Il PT non ha smesso di ripetere che in quanto a candidati presidenziali, non ha un “piano B”. Ora, la candidatura di Lula è appesa a un filo quasi trasparente.

Tocca al Tribunale Elettorale Superiore (TSE) prendere la decisione finale sulla candidatura, che ha raccolto più consensi in Brasile. Ma solo il 15 agosto, a meno di due mesi dalle elezioni, il TSE deciderà se accettare o meno la candidatura dell’ex presidente.

Fino a quel momento, il PT potrà conservare la sua pretesa di mantenere Lula come suo candidato, anche mentre sta scontando la sua condanna a 12 anni e un mese in carcere. Tuttavia, vari analisti politici segnalano che Lula è ineleggibile e non potrà presentarsi alle elezioni del prossimo 7 ottobre, dato che la cosiddetta legge “foja limpia” non permette a persone che sono state condannate in secondo grado (è questo il caso di Lula) di potersi candidare.

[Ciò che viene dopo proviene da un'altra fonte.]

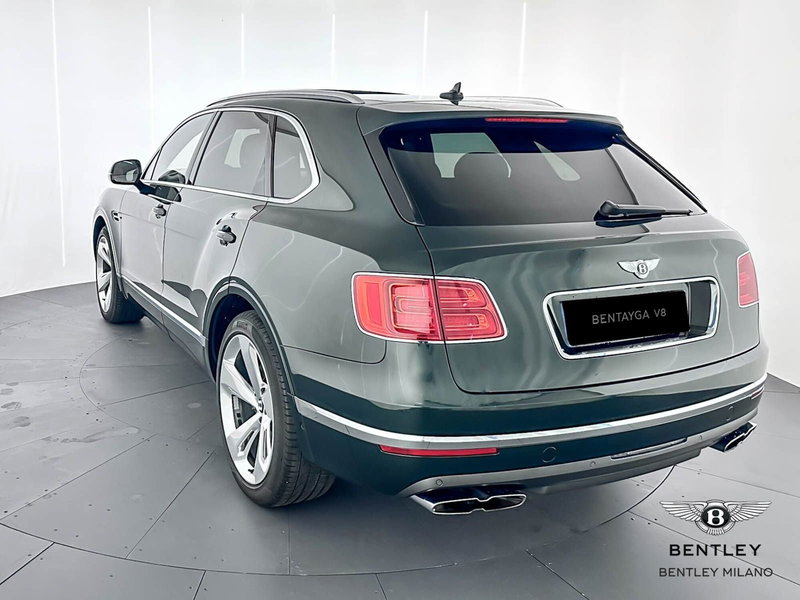 Bentley Bentayga usata a Milano (5)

Gli avvocati di Lula hanno cercato di impedire o rinviare la detenzione del loro cliente presentando appelli, ma secondo gli specialisti, questi ricorsi non potranno cambiare la pena di 12 anni e un mese decretata all’unanimità dai giudici del Tribunale Federale Regionale 4 di Porto Alegre inflitta per una tangente (un appartamento nello stato di San Paolo) ricevuta dalla società di costruzioni OAS in cambio di favori destinati alla società petrolifera statale Petrobras. Gli avvocati di Lula hanno sempre sostenuto che il loro cliente non è il proprietario dell’appartamento.